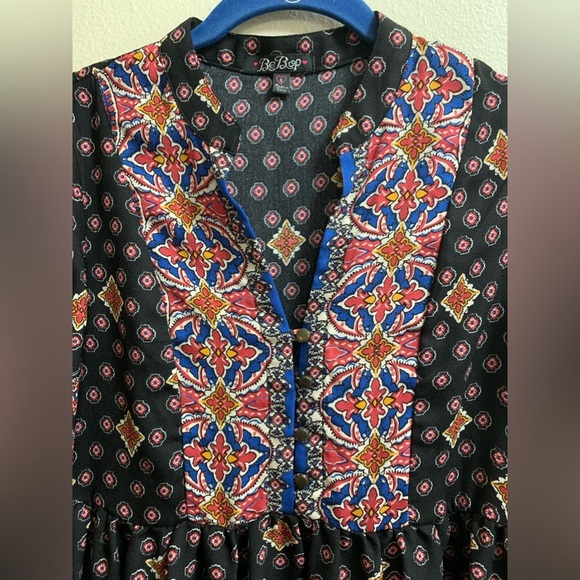 BeBop Bohemian Peasant Tunic Top Small-Antique Look Buttons Blue,White,Yellow - Picture 5 of 12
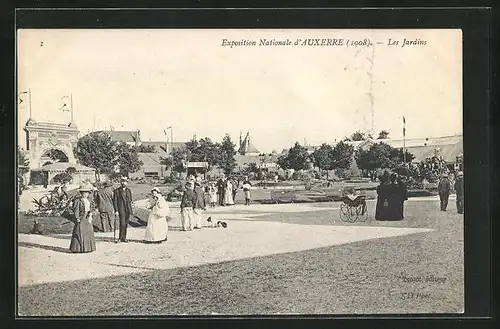 AK Auxerre, Exposition Nationale 1908, Les Jardins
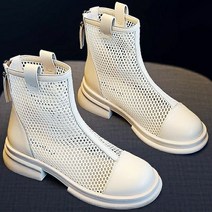 레드 잠자리 메쉬 마틴 부츠 여성용 얇은 투각 샌들 2023 새로운 여름 통기성 프리미엄 화이트 부티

● WHAT TO WORK ON
Using the data above, write out every line exactly, leaving the images behind.

● ANSWER TO THE EXERCISE
 BeBop Bohemian Peasant Tunic Top Small-Antique Look Buttons Blue,White,Yellow - Picture 5 of 12
 AK Auxerre, Exposition Nationale 1908, Les Jardins
 레드 잠자리 메쉬 마틴 부츠 여성용 얇은 투각 샌들 2023 새로운 여름 통기성 프리미엄 화이트 부티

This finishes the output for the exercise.